§ Exercise directions:
With the exception of the pictures, write out the data below precisely.

§ Data shown:
*** Block opens ***
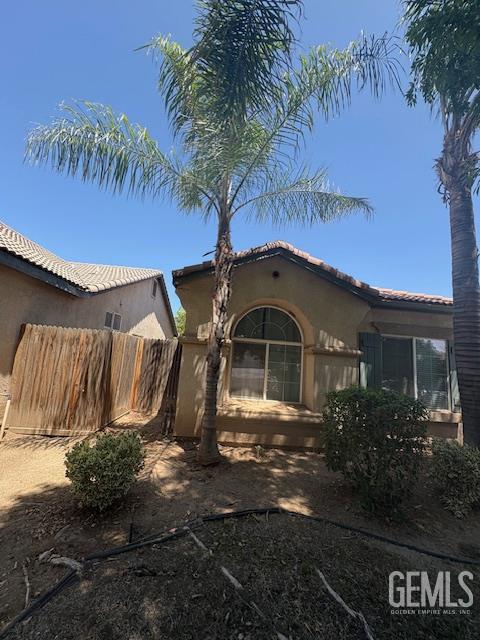 12006 Roaring River Ave, Bakersfield, CA 93311 - view of front of home featuring stucco siding and a tiled roof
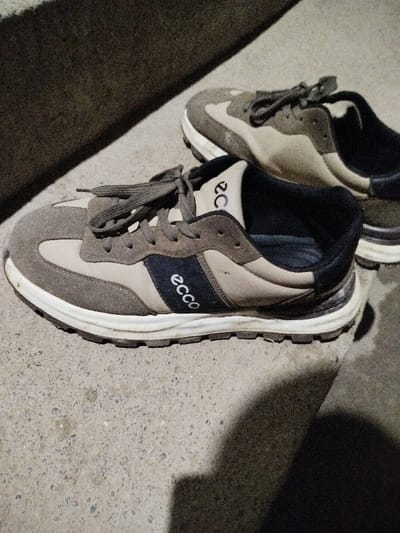 The image displays two pairs of Ecco brand sneakers resting on a grey, textured concrete surface in Yakkabog, Uzbekistan. The shoe in the foreground is in sharp focus, oriented diagonally across the lower left and center. It features a design incorporating light beige and darker brown/grey panels, with a prominent dark blue or black stripe along the side. The word "ecco" is clearly visible in white text on this dark stripe, positioned vertically, and also horizontally on the inside collar of the shoe. The sneakers have white laces and a white midsole with a dark, ridged outsole.
The second shoe is partially visible in the upper right, slightly out of focus, and appears to be of the same model and color scheme. Distinct shadows are cast across the concrete surface, particularly a large dark shadow in the upper left, suggesting low light conditions such as dusk, dawn, or artificial illumination. No people are present, and no specific activity is taking place; the shoes are simply depicted at rest. The concrete surface appears dry and shows minor imperfections consistent with an outdoor setting.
*** Block closes ***
§ Exercise answer:
 12006 Roaring River Ave, Bakersfield, CA 93311 - view of front of home featuring stucco siding and a tiled roof
 The image displays two pairs of Ecco brand sneakers resting on a grey, textured concrete surface in Yakkabog, Uzbekistan. The shoe in the foreground is in sharp focus, oriented diagonally across the lower left and center. It features a design incorporating light beige and darker brown/grey panels, with a prominent dark blue or black stripe along the side. The word "ecco" is clearly visible in white text on this dark stripe, positioned vertically, and also horizontally on the inside collar of the shoe. The sneakers have white laces and a white midsole with a dark, ridged outsole.
The second shoe is partially visible in the upper right, slightly out of focus, and appears to be of the same model and color scheme. Distinct shadows are cast across the concrete surface, particularly a large dark shadow in the upper left, suggesting low light conditions such as dusk, dawn, or artificial illumination. No people are present, and no specific activity is taking place; the shoes are simply depicted at rest. The concrete surface appears dry and shows minor imperfections consistent with an outdoor setting.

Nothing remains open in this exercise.